THW Kiel verpflichtet Sportler des Jahres
Die Karriere von Ellefsen á Skipagøtu erfuhr einen Schub, als er 2020 vom färöischen Meister H71 Hoyvik zum schwedischen Klub IK Sävehof wechselte. 2021 gewann er mit dem Team die Meisterschaft, 2022 wurde er zum MVP der schwedischen Liga gewählt.
In der Folge wurden namhafte Vereine auf Ellefsen á Skipagøtu aufmerksam.
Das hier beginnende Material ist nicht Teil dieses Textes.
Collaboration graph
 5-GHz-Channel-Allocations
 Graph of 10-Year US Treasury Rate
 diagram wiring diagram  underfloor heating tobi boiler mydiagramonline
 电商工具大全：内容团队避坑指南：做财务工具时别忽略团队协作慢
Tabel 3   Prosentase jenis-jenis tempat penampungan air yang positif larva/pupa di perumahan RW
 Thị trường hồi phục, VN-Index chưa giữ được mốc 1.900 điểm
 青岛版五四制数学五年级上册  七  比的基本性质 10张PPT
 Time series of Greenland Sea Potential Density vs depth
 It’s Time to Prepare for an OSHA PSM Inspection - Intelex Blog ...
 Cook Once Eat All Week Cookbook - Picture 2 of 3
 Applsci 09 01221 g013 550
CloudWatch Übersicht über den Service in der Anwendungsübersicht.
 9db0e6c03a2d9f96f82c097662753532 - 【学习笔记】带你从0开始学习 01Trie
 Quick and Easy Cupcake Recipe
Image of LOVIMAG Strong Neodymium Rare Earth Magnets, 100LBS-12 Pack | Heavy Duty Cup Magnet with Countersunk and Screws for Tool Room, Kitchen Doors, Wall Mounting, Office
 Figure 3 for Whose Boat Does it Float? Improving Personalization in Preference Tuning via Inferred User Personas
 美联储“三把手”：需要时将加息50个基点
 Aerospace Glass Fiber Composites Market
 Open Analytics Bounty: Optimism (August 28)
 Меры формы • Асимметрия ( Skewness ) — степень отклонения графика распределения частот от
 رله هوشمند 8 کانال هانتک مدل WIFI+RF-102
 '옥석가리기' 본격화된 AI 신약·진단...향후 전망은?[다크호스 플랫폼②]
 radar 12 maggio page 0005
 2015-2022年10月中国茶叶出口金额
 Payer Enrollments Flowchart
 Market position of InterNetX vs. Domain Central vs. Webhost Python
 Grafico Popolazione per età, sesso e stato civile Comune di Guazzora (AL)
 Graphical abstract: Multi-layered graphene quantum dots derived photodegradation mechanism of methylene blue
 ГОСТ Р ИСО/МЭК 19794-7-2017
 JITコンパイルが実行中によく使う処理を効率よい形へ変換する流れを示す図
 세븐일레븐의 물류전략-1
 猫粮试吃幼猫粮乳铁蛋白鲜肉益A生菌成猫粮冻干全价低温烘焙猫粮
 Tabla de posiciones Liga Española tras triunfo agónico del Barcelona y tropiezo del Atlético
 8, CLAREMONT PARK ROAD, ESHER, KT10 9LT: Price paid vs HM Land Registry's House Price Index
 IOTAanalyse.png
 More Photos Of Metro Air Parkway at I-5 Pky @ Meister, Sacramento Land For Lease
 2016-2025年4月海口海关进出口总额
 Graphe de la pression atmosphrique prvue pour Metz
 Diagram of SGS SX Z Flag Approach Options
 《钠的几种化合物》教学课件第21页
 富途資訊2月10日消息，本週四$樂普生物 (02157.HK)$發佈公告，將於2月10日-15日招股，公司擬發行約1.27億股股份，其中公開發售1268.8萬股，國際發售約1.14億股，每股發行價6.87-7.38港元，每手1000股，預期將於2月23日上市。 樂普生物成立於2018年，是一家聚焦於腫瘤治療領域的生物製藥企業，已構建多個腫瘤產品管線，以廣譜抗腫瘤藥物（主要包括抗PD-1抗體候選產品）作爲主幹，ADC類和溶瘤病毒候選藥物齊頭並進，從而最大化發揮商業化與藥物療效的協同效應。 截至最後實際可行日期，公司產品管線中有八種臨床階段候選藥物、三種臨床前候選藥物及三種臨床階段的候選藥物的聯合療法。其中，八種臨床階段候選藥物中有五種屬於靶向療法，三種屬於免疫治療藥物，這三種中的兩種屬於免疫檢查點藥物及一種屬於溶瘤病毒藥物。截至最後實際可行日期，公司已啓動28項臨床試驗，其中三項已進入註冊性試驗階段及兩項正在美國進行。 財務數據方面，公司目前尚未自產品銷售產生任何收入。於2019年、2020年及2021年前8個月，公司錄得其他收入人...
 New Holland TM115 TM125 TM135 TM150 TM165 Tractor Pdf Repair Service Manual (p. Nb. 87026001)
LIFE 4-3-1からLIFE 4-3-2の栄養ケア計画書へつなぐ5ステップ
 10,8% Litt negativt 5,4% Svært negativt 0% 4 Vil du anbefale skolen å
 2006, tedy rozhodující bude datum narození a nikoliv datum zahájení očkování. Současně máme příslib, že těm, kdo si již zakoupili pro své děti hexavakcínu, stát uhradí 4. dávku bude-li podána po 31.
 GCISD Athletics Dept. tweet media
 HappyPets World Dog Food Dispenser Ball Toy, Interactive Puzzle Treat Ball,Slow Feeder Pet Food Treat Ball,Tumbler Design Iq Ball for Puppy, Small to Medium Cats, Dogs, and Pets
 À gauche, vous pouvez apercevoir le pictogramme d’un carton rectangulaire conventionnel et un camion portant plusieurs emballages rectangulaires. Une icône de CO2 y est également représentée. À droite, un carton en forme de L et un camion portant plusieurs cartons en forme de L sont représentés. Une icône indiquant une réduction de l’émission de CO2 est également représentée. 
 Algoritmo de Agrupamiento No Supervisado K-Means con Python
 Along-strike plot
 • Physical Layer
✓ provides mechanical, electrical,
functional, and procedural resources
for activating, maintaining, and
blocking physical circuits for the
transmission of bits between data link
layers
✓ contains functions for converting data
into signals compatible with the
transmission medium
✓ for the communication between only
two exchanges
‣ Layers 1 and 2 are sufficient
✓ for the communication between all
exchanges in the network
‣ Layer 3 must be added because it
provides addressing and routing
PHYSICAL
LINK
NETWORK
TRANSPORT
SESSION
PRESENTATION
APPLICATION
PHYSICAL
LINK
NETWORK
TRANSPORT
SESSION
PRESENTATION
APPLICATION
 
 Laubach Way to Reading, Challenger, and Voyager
Letztlich erhielt der THW Kiel, der den Youngster schon über viele Jahre beobachtet hatte, den Zuschlag für diesen Sommer.
„Elias gehört zu den größten Talenten Europas auf der Rückraum Mitte. Er hat ein großes Spielverständnis und ist kreativ“, lobte Kiel-Geschäftsführer Viktor Szilagyi.
Der Färinger selbst bezeichnet Kiel als einen „der größten Clubs der Welt mit einer überragenden Mannschaft“. Ein Teil davon zu werden, sei „eine große Ehre“.
Junges Färöer-Duo in der Bundesliga
Ebenfalls ein Bestandteil der deutschen Bundesliga ist künftig Hákun West av Teigum. Der Rechtsaußen, der wie Ellefsen á Skipagøtu für das färöische Junioren- und Seniorenteam aufläuft, wechselt vom dänischen Erstligisten Skanderborg Aarhus Håndbold zu den Füchsen Berlin.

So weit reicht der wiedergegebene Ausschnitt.